The resolution of this issue requires this court to construe language within the relevant provisions of the KSGA. Statutory interpretation involves a question of law over which appellate review is unlimited. State v. McCurry, 279 Kan. 118, 121, 105 P.3d 1247 (2005). The fundamental rule of statutory construction is to determine the legislature's intent. We presume the legislature expressed its intent through the language of the statutory scheme. Ordinary words are to be given their ordinary meanings and technical words their technical meaning. When a statute is plain and unambiguous, an appellate court must give effect to the legislature's intent as expressed rather than determining what the law should or should not be. State v. Bryan, 281 Kan. 157, 159, 130 P.3d 85 (2006). Additionally, various provisions of an act in pari materia must be construed together in an effort to reconcile the provisions so as to make then consistent, harmonious, and sensible. In re Estate of Sauder, 283 Kan. 694, 156 P.3d 1204, 1211 (2007); State ex rel. Morrison v. Oshman Sporting Goods Co. Kansas, 275 Kan. 763, 768, 69 P.3d 1087 (2003).

Statutory Context

The first relevant provision of the KSGA dictates that "if the judge sentences the defendant to confinement" the judge must "pronounce the complete sentence which shall include the prison sentence, the maximum potential reduction to such sentence as a result of good time and the period of postrelease supervision." K.S.A.2006 Supp. 21-4704(e)(2). This requirement clearly mandates and defines two segments of the bifurcated sentence: the period of confinement and the period of postrelease supervision.

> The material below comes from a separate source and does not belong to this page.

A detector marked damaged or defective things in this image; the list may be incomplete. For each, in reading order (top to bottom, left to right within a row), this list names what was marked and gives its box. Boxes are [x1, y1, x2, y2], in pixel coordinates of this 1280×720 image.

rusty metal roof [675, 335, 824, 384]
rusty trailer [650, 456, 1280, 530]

Drawing a distinction between the two segments is consistent with the meaning of the terms. "Confinement," a term of ordinary meaning, is "[t]he act of imprisoning or restraining someone; the state of being imprisoned or restrained." Black's Law Dictionary 318 (8th ed.2004). In contrast, the term "postrelease supervision" has "particular technical meaning under the [KSGA]." Fanning v. State, 25 Kan.App.2d 469, 470, 967 P.2d 1083, rev. denied 266 Kan. 1108 (1998). It is defined by statute as

"the release of a prisoner to the community after having served a period of imprisonment or equivalent time served in a facility where credit for time served is awarded as set forth by the court, subject to conditions imposed by the Kansas parole board and to the secretary of correction's supervision." (Emphasis added.) K.S.A. 21-4703(p).

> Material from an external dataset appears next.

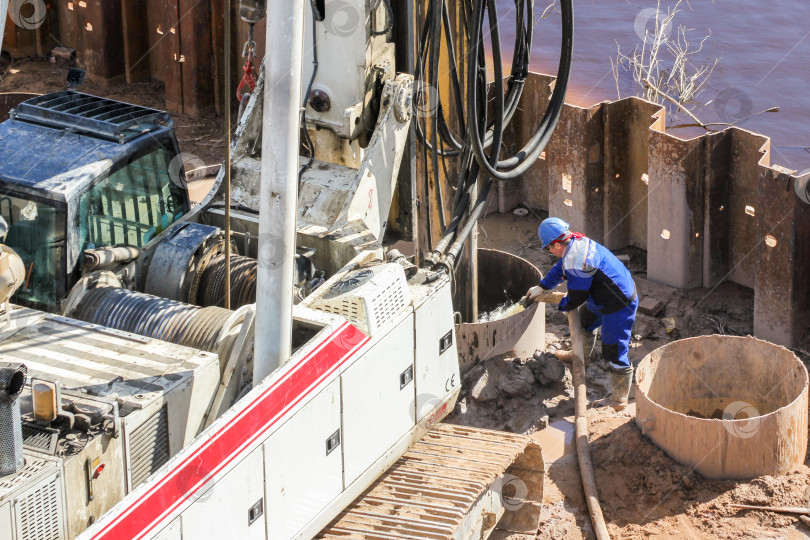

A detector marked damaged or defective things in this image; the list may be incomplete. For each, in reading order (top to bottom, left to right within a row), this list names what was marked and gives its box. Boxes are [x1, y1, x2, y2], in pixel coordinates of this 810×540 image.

rusty sheet pile wall [498, 71, 808, 348]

Likewise, previous Kansas case law has reiterated that postrelease supervision is the portion of the sentence that does not begin until the confinement portion of the sentence has been served. White v. Bruce, 23 Kan. App.2d 449, 453, 932 P.2d 448 (1997); Faulkner v. State, 22 Kan.App.2d 80, 83, 911 P.2d 203, rev. denied 259 Kan. 927 (1996). This conclusion is reinforced by K.S.A.2006 Supp. 22-3717(q) which provides, in part, that "[i]nmates shall be released on postrelease supervision upon the termination of the prison portion of their...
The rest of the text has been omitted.